1. Field of the Invention
The present invention relates to a receiving circuit, and more particularly to a receiving circuit which permits simplification of its circuit arrangement and which further allows less power for a receiving system concurrent with reduction of power consumption.
2. Description of the Prior Art
One of important points needed for a receiving circuit in communications is to possibly reduce high-frequency circuit portions to thereby lessen a high power consumption factor, unstable operation factor and high manufacturing cost inherent in the high-frequency circuit, coupled with a space occupied by that circuit. These points are particularly important for mobile communication systems and others. For the reduction of the high-frequency circuit portions, a direct demodulation method has been proposed heretofore in terms of multiple frequency conversion and carrier frequency, thus accomplishing the direct conversion into a low frequency and the direct demodulation into a baseband. The aforesaid high-frequency circuit portion mainly constitutes a space diversity reception function necessitating two antenna systems.
As the direct demodulation method, there have been developed a number of methods in which a local oscillator generates a signal with a frequency equal to the carrier frequency which in turn, is mixed with a received input wave to derive a baseband signal therefrom. This direct demodulation method is made to produce a high-frequency signal with a frequency equal to the received signal frequency, and the high-frequency signal can be easy to release or emit in the air through an antenna of the receiver. Accordingly, another receiver adjacent thereto undergoes interferences to be inhibited from establishing communications. For this reason, this method has chiefly been adopted for communications based on frequency modulation methods which are relatively strong to single frequency interferences.
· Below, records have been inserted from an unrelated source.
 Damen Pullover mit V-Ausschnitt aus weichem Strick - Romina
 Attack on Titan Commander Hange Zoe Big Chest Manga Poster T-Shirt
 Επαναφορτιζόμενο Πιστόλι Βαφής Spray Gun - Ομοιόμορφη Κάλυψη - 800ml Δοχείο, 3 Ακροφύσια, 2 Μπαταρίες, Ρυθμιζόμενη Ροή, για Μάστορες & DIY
On the other hand, radio portable telephones, being recently rapidly put in widespread use, rely on a so-called PSK which is one amplitude transport modulation method, and the single frequency interference produces an offset in a demodulated output to deteriorate the error rate of a received signal. That is, since the local oscillation frequency can not take the carrier frequency, in this kind of communication method difficulty is encountered in direct frequency conversion and direct demodulation. One approach to resolve such a technical problem involves a method which, if a carrier frequency for a radio portable telephone is taken as fc and an offset frequency is taken to be fo, obtains fc+fo and fc-fo in order to provide a frequency-offset complementary local oscillation frequency for a frequency conversion. For carrying out this method, fc+fo and fc-fo are obtainable by multiplication process of fc and fo through a mixer (frequency mixer), while both signals fc+fo and fc-fo coexist in an output. More specifically, although the aforesaid process independently requires signals with the respective frequencies, the prior system can not practically satisfy this requirement. The prior system essentially employs filters for the respective frequencies, while suffering a disadvantage that a carrier frequency for a desired signal is variable and hence the filters need to designed to cope with the frequency variations.